By the stationary phase argument to leading order
\begin{equation} \phi(t,x) \propto \frac{1}{\sqrt{t}} \int \phi(0,y) ~\mathrm{d}y \end{equation}
which agree with what we found using oscillatory integration techniques on the fundamental solution during the previous post on this subject.

(Notice that when $\int \phi(0,y) ~\mathrm{d}y = 0$, for small $\alpha$ \[ \int e^{\omega i \alpha |x-y|} \phi(0,y) ~\mathrm{d}y \approx \omega i \alpha \int |x-y| \phi(0,y) ~\mathrm{d}y \] which will give that the leading order decay of the solution is bounded by \[ \frac{1}{\sqrt{t}} \frac{|x|}{t} \] with the constant of proportionality related to the first moment of $\phi(0,y)$. )

## Our special data

Now let's try to extend the analysis to see what happens with our special data, using again the Laplace transform techniques.
The estimates on the fundamental solution may now be unreliable due to convergence issues.
Instead, we will solve explicitly for (the analytic continuation of) the function $\hat{\phi}(p,x)$ and apply to it the inverse Laplace transform.
Our goal is then first to solve
\[ i p \hat{\phi}(p,x) + \partial^2_{xx} \hat{\phi}(p,x) = i H_k(x) \]
where $H_k(x) = H(x) e^{ikx}$. As the inhomogeneity is discontinuous, we cannot expect the solution to be twice continuously differentiable.
We will find a *continuous differentiable* solution that is, hopefully, sufficiently bounded to qualify as a tempered distribution.

### Left side

When $x < 0$, the equation reduces to the homogeneous linear equation $ip \hat{\phi}(p,x) + \partial^2_{xx} \hat{\phi}(p,x) = 0$. Solutions to this equation are spanned by \[ \exp(\pm \omega \sqrt{p} x) \] The case with $-\omega$ coefficient blows up exponentially as $x\searrow -\infty$, and so we rule it out (since we are looking for tempered distribution solutions).
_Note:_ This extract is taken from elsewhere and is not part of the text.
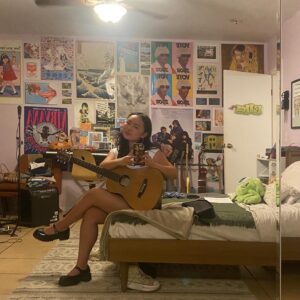 Ella Jay Basco Instagram - wee little guitar, wee little tiger, wee little song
We therefore conclude that the admissible solution when $p > 0$ is the solution \begin{equation} \hat{\phi}(p,x) |_{x < 0} = C_- \exp(\omega\sqrt{p} x). \end{equation}

### Right side

When $x > 0$, the equation is the forced oscillator \[ ip \hat{\phi}(p,x) + \partial^2_{xx}\hat{\phi}(p,x) = i e^{ikx}.\] The particular solution is given by $A e^{ikx}$, which a direct calculation shows we need \[ A (ip - k^2) = i \implies A = (p + ik^2)^{-1} .\] We can also add to this a solution to the homogeneous equation, but we require the exponential decaying one which is $\exp(-\omega \sqrt{p} x)$. Putting it all together we see that the solution is given by, when $p > 0$, \begin{equation} \hat{\phi}(p,x)|_{x > 0} = C_+ \exp(-\omega \sqrt{p} x) + \frac{1}{p + ik^2} e^{ikx} . \end{equation}

### Altogether now

The coefficients $C_\pm$ can be solved by requiring the solution be $C^1$. This means \[ C_- = C_+ + \frac{1}{p + ik^2} \] and \[ (C_- + C_+) \omega \sqrt{p} = \frac{ik}{p + ik^2} .\] These can be solved with \begin{equation} C_\pm = \frac12 \frac{i}{ip-k^2} \left( \frac{ik}{\omega \sqrt{p}} \mp 1 \right). \end{equation} Noting that $\omega^2 = -i$, we have that $ip - k^2 = (ik + \omega \sqrt{p})(ik - \omega \sqrt{p})$, and finally arrive at \begin{equation}\label{cpmexpr} C_\pm = \frac{1}{2\omega \sqrt{p}} \frac{i}{ik \pm \omega \sqrt{p}} . \end{equation} Our solution \begin{equation}\label{solnpw} \hat{\phi}(p,x) = \begin{cases} C_- e^{\omega \sqrt{p} x} & x < 0 \newline C_+ e^{-\omega \sqrt{p} x} + \frac{1}{p + ik^2} e^{ikx} & x > 0 \end{cases} \end{equation}

## Asymptotic behavior

### $k < 0$

Using the explicit formula for $\eqref{cpmexpr}$, we can extend the expression $\eqref{solnpw}$ from $p$ being a positive real number to as much of the complex plane as we can manage. We see that the obstacles are

- The branch cut (and associated blow-up at zero) given by the expression $\sqrt{p}$, which as before we will take to happen along the negative real line.
- Poles associated to $ik \pm \omega \sqrt{p} = 0$ and $p + ik^2 = 0$ in the coefficients.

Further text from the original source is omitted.